Hopes of a more enlightened future for Afghanistan are not lost, however. Thousands of young Afghan refugees – all of whom came of age during those two hopeful decades -- remain committed to their country. They are eager to share their perspectives on the progress that was made under American oversight, what the immediate future might hold for them, and what is happening to their families, friends and colleagues left behind.
The Indiana Council on World Affairs presents two separate programs featuring young Afghan refugees now residing in the US, Canada, and Ukraine. They will share their first-hand accounts of life in Afghanistan, their harrowing escapes, and reflections on the future of their country.
All the panelists are graduates of either the American University of Afghanistan or the American University of Central Asia. Each is now working to restart a career in a new country while attempting to help family members still in Afghanistan to find some way to leave the poverty-stricken country as the population faces hunger and cold this winter under a strict and capricious Taliban rule.
About the Panelists
Qais Faqiri, a broadcaster for Voice of America, was serving as Director of Cultural Affairs for the City of Kabul when the Taliban entered the city and barely escaped with his life.

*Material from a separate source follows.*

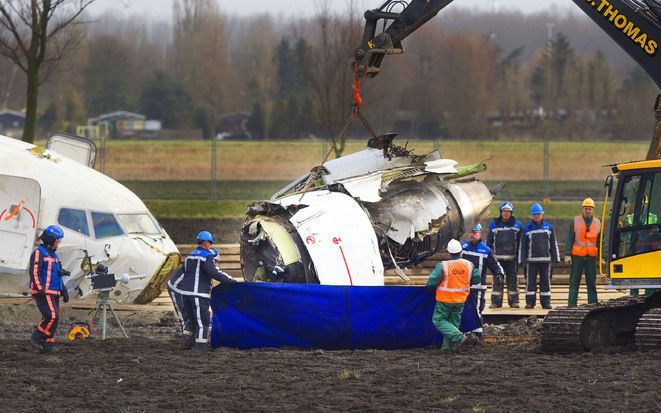 Bergingswerkzaamheden aan de gecrashte Boeing. Foto ANP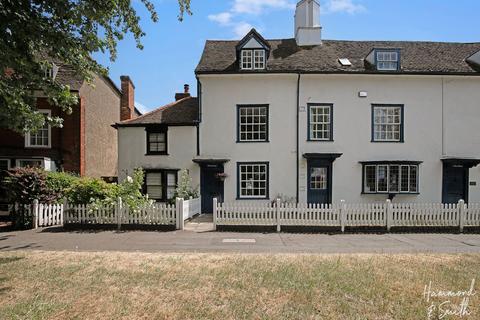 100 High Street, Epping, CM16 4AF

Zahid Jalali, a diplomat, was responsible for coordinating matters pertaining to peace affairs in the office of the Deputy Foreign Minister.
Henna Shaiq, a journalist who worked with the Afghan National Security Department as a media specialist, assisted with the evacuation of the more than 1000 AUAF alumni.
About the Moderator
Dr. Kenneth Holland, former senior civilian adviser to the NATO mission in Afghanistan and President Emeritus of the American University of Afghanistan (AUAF) in Kabul, will moderate this discussion with three panelists who describe their personal experiences studying and working in Afghanistan prior to the US withdrawal and reflect on the country’s future under Taliban rule.